Kevin Kruth beendet seine besondere Karriere

Es läuft die 64. Minute in der finalen Saisonpartie der Borussia gegen den Mittelrheinliga-Meister SV Bergisch Gladbach. Im Stadion an der Ederener Straße brandet von allen Seiten Applaus auf, einzelne Freialdenhovener Anhänger stehen sogar auf. Der Grund: Gerade verlässt Kevin Kruth das Spielfeld, zum letzten Mal als aktiver Fußballer. Er winkt ins Publikum und verdrückt ein Tränchen bei einer innigen Umarmung mit Trainer Wilfried Hannes (Foto oben). Die Fans wissen: Hier geht jemand, der sich immer für Mannschaft und Verein eingesetzt hat, auch über die Schmerzgrenze hinaus.

Denn Kevin machte seit Monaten Arthrose dritten Grades im Knie zu schaffen. Hing er sich sonntags auf dem Platz rein, konnte er montags nicht mal Treppenstufen steigen. In der Hinrunde verspürte er schon Beschwerden, in der Rückserie musste er sich für die Spiele fitspritzen lassen. „Das funktionierte sechs Wochen problemlos, anschließend ging es aber wieder rapide bergab. Das war sehr hart für mich“, berichtet Kevin. Er hatte noch große Lust auf Fußball und den Wettbewerb, verlängerte zudem bereits seinen Vertrag. Doch nach reiflicher Überlegung und stets offener Absprache mit seinem Coach und Borussias Präsident Rolf Imdahl fiel der Entschluss zum Karriereende. „Es wäre Quälerei gewesen“, ist der Torjäger überzeugt. „Jedes Wochenende nur mit Medikamenten zu hantieren, hätte keinen Sinn gemacht.
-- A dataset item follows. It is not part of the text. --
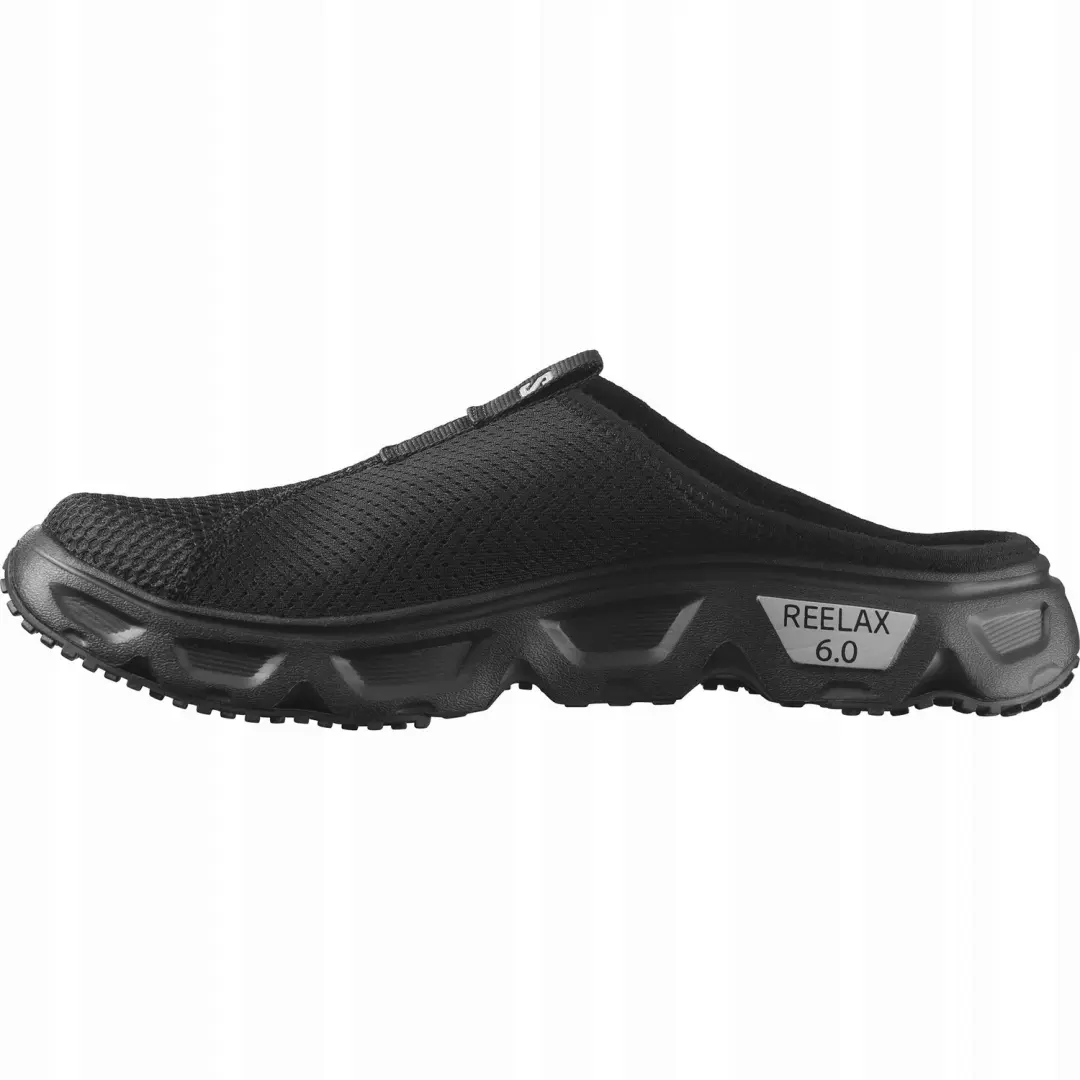 Salomon Reelax Slide 6.0 Sandalen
Indem ich mich irgendwie durchhangele, würde ich außerdem meinem Leistungsanspruch nicht gerecht werden und auch dem Team keinen Gefallen tun.“

So schloss der 33-Jährige seinen Lebensabschnitt des aktiven Fußballs, mit dem er rückblickend zufrieden ist. „Es lief sehr gut 15, 16 Jahre lang. Glück hatte ich vorrangig mit den fünf, für mich prägenden Jahren bei Fortuna Köln. Da habe ich viel gesehen und erlebt. Das war schon Wahnsinn.“ Zum langjährigen Zweitligisten zog es ihn nach seinen Jugendstationen FC Düren-Niederau und Alemannia Aachen sowie den ersten Seniorenjahren beim GFC Düren 09. In der Südstadt wurde der „Dürener Jung“ eines der Aushängeschilder um die Aufstiege 2008 (in die inzwischen aufgelöste NRW-Liga) und 2011 (in die Regionalliga). Kevin lernte dort „zahlreiche sympathische und unterschiedliche Menschen“ kennen, mit denen er immer noch Kontakt pflegt. Erst vor wenigen Wochen unterstützte er den Klub mit Sohn Tom im Drittliga-Abstiegskampf auf der Tribüne.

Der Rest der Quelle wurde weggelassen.